START Exercise materials

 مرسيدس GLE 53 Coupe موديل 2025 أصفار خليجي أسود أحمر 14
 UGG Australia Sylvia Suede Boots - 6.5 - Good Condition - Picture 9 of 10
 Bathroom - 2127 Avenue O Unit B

END Exercise materials
START Exercise materials

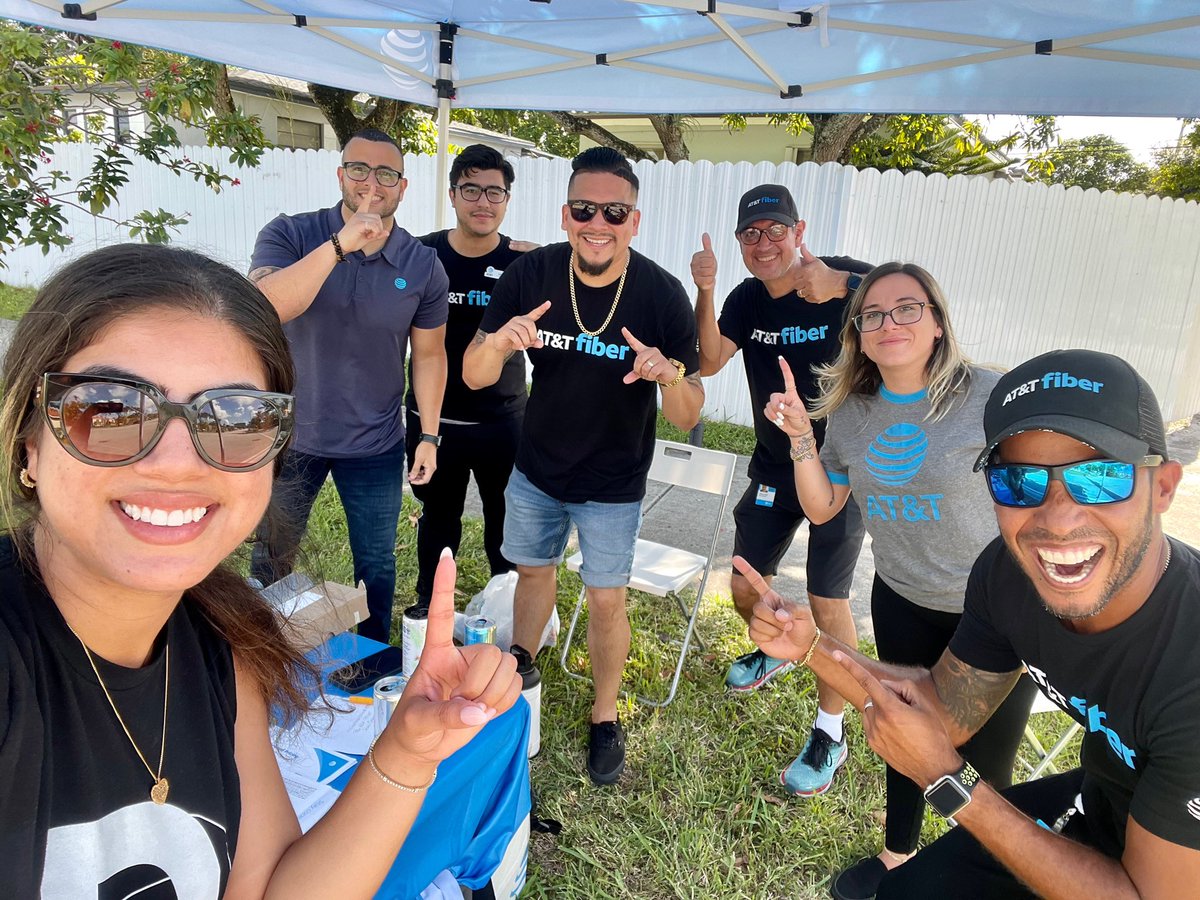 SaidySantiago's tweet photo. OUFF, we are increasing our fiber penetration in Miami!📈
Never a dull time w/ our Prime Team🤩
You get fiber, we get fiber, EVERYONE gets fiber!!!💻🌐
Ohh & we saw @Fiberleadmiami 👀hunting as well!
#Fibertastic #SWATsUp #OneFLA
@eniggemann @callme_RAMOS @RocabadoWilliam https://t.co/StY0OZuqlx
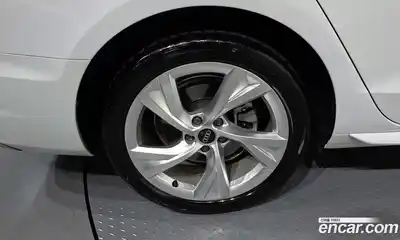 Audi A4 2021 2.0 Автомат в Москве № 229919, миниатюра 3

END Exercise materials

Exercise description: Starting at the line above that contains "مرسيدس GLE 53", repeat each line exactly up to and including the line that contains "Bathroom - 2127 Avenue O Unit B", and stop there.

Answer to the exercise:
 مرسيدس GLE 53 Coupe موديل 2025 أصفار خليجي أسود أحمر 14
 UGG Australia Sylvia Suede Boots - 6.5 - Good Condition - Picture 9 of 10
 Bathroom - 2127 Avenue O Unit B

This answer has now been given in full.